### [WHAT IS REQUIRED]
These records contain pictures, which must be left out; copy exactly the lines from the one with "[700317] Aspirin, 81mg, 36s, Chewable" up to and including the one with "Gorman purple cigarette".
◆ ◆ ◆ ◆ ◆ ◆ ◆
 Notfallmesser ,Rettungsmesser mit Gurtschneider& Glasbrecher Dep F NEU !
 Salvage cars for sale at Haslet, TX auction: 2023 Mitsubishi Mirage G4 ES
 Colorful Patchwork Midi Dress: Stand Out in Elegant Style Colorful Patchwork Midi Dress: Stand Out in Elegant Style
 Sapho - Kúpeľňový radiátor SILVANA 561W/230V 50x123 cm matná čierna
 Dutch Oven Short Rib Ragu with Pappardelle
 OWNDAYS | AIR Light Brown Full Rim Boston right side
◆ ◆ ◆ ◆ ◆ ◆ ◆
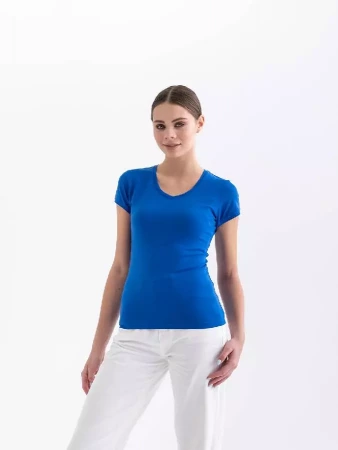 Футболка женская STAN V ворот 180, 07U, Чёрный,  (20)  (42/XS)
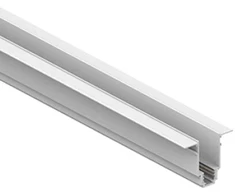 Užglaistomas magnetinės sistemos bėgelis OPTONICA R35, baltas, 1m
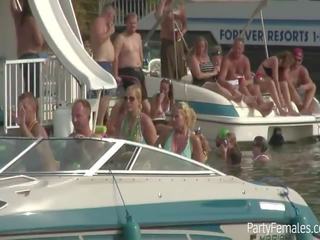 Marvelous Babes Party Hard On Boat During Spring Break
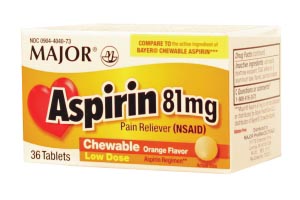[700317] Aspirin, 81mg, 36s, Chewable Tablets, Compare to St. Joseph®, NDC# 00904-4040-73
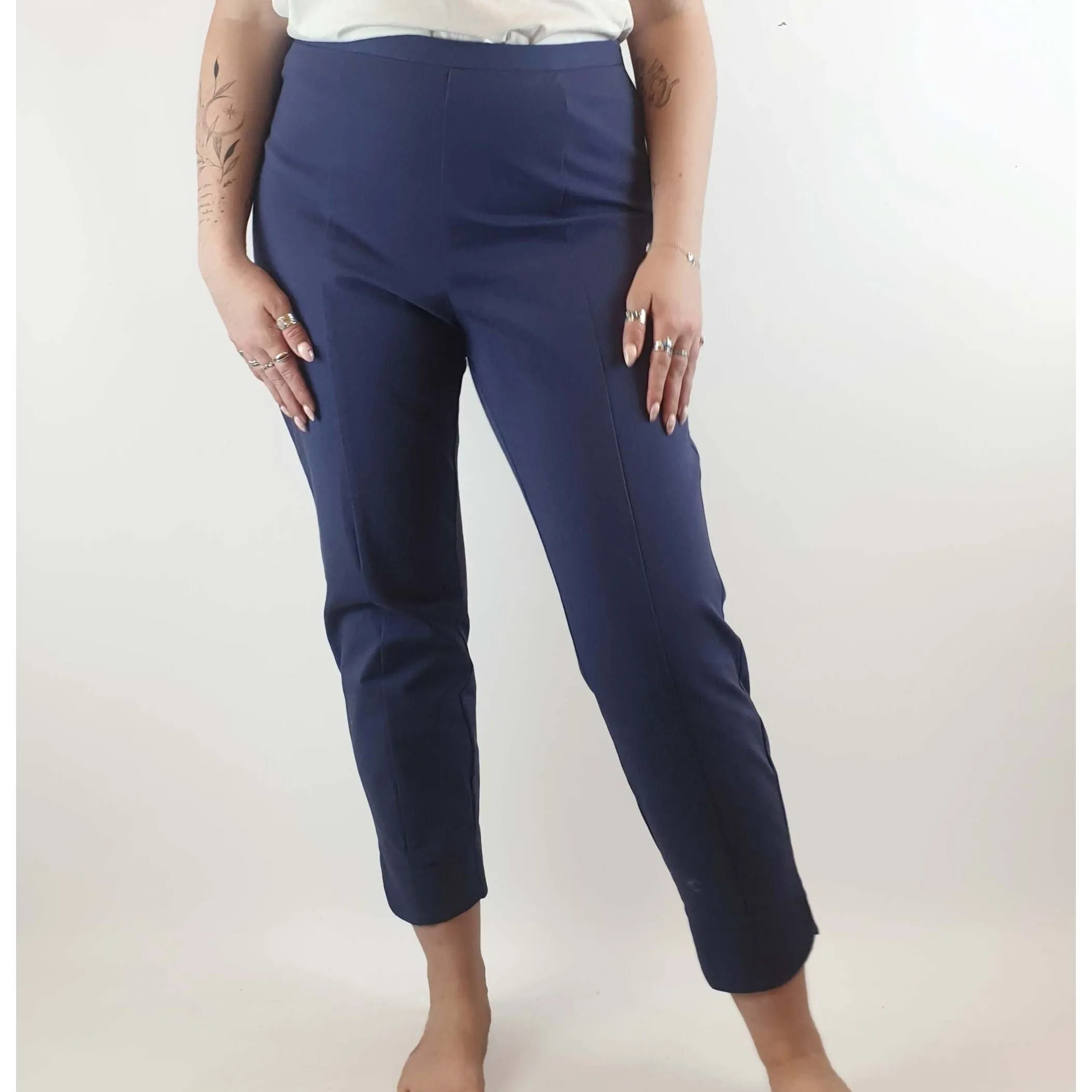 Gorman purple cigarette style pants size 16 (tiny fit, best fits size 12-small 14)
◆ ◆ ◆ ◆ ◆ ◆ ◆
### [RESPONSE AREA]
[700317] Aspirin, 81mg, 36s, Chewable Tablets, Compare to St. Joseph®, NDC# 00904-4040-73
 Gorman purple cigarette style pants size 16 (tiny fit, best fits size 12-small 14)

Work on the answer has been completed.